Swimming in the Dark by Tomasz Jedrowski



The old woman looked us over shrewdly, curiously. ‘My husband is out,’ she said. ‘Help yourself.’ It dawned on me that she wasn’t so old after all and that she wasn’t the girl’s grandmother, but her mother.

We started to eat. There were cucumbers and radishes, a pot of honey and a hunk of bread. The daughter came over from the stove and poured the hot milk into our cups.

‘So you’re students,’ the mother said.

‘Yes, ma’am,’ you said through a bite of radish, looking more at ease than I felt. ‘Just finished our studies.’

She nodded, as if she was agreeing to something uncertain. ‘Married?’ she asked, looking at you.

‘No, ma’am,’ you said, shaking your head, smiling at her. ‘Not yet. Am still young.’

She laughed in her hoarse voice, revealing a set of missing front teeth. ‘And you?’ she said, turning to me.

I could feel myself blush. ‘No, ma’am.’ I took a sip of milk to hide my discomfort. My lips brushed against the floppy skin that had formed on top, sending a wave of nausea through my belly, and the liquid scalded the inside of my mouth. I tried to keep a straight face and reached for the bread.

She watched us eat with apparent satisfaction. ‘So you’re travelling. Know where you’re going?’

‘Just looking for a quiet spot,’ you said. ‘Can you recommend anywhere, ma’am?’

She looked out of the window, where nothing much of the outside could be seen, only a hazy green from the trees and a vague blue of the sky. ‘There is a place not far from here where we go and pick mushrooms in the autumn.
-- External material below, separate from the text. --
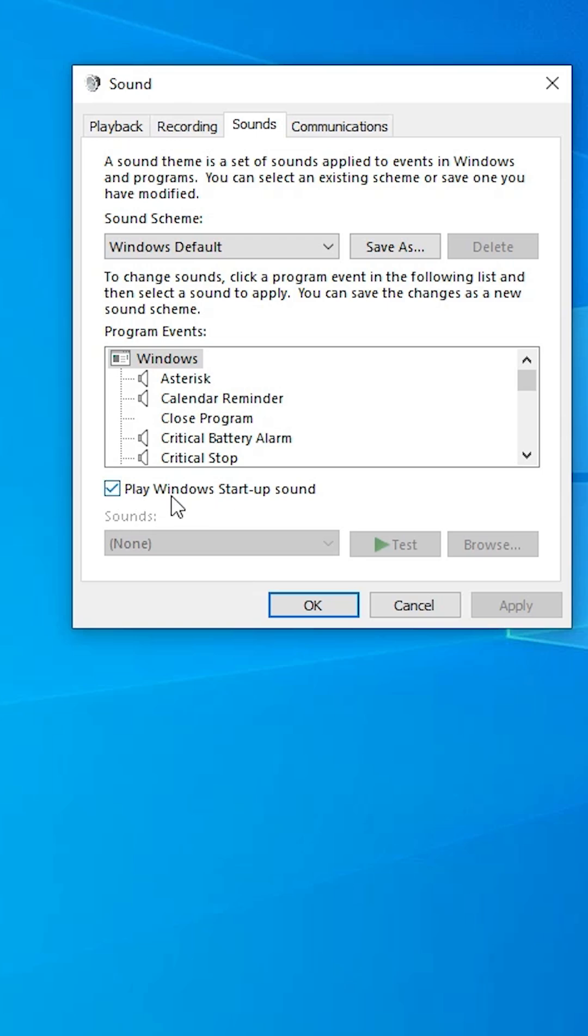If you want to disable it, then unselect it. To play the sound, select it. I want to disable it, so I unselect it. Click on Apply and click on OK.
Travellers don’t know about it. It’s pretty.’ Her eyes sparkled and in one moment I saw, really saw, that she had once been young. ‘I’ll tell you how to get there.’

After breakfast, we rolled up our sleeping bags and packed our things.

‘Just walk, about four miles straight through the forest from the Marianki junction,’ the woman said, standing by the entrance of the house. ‘You’ll know when you’ve arrived.’

‘Thank you. You’ve been very kind,’ I said.

She took my face in her solid waxy hands and kissed me drily on the cheek. ‘Come and see us on your way back. Have a good trip.’

In a nearby village we found a small truck going in the right direction. The driver was bringing a load of cherries up north, and the only space he had for us was in the back, in the mountains of fruit. We ate beyond hunger. Stuffing our faces, staining our hands, we spat the pits into the passing fields. The sky was infinite and light; it felt like we were flying through it. Almost every farm we passed had a stork’s nest on the roof, with the elegant creatures atop, resting or flying off to look for food after their long journey from Africa.

We drove without stopping. We passed people working their fields with their carts and horses, men and women and children with large wooden hoes. Wild flowers and high yellow fields met the blue sky, and then the land became flatter and the first cerkwie came into sight, the first Orthodox churches, black and small and mysterious with their bulbous domes. They signalled a different land, the beginning of the wild and unaccountable east, where kings used to hunt for bison and where the plains are infinite. The driver stopped at an almost invisible crossing, stuck his head through his window. ‘This is it, boys.’ We jumped off and found ourselves standing at the mouth of a pine forest.

‘Are you sure?’ I asked.

He nodded and wished us good luck, then drove off, leaving a cloud of dust behind. We looked at each other, hesitating.

‘Are we sure about this?’ I said, suddenly aware that it was just you and me again, nervous like on the first day I’d met you.

‘What else can we do?’ you said calmly, smiling. ‘Let’s go.’ You put your hand on my lower back and pushed me with you into the forest, sending a shock of warmth through my body.

There was a narrow path, just like the woman had said. We walked into the sea of pines. Inside it was cooler and darker than in the heat of the sun. Side by side we walked on a bed of dried needles the colour of cinnamon. The previous night floated on the surface of my mind like a buoy: the rain on the roof, the weight of your head on my shoulder. I tried to shake it off. You were wearing the same white linen shirt as the day before, dried overnight, cherry-stained, unbuttoned to reveal your collarbones, the dark halos of your nipples guessable beneath the fabric.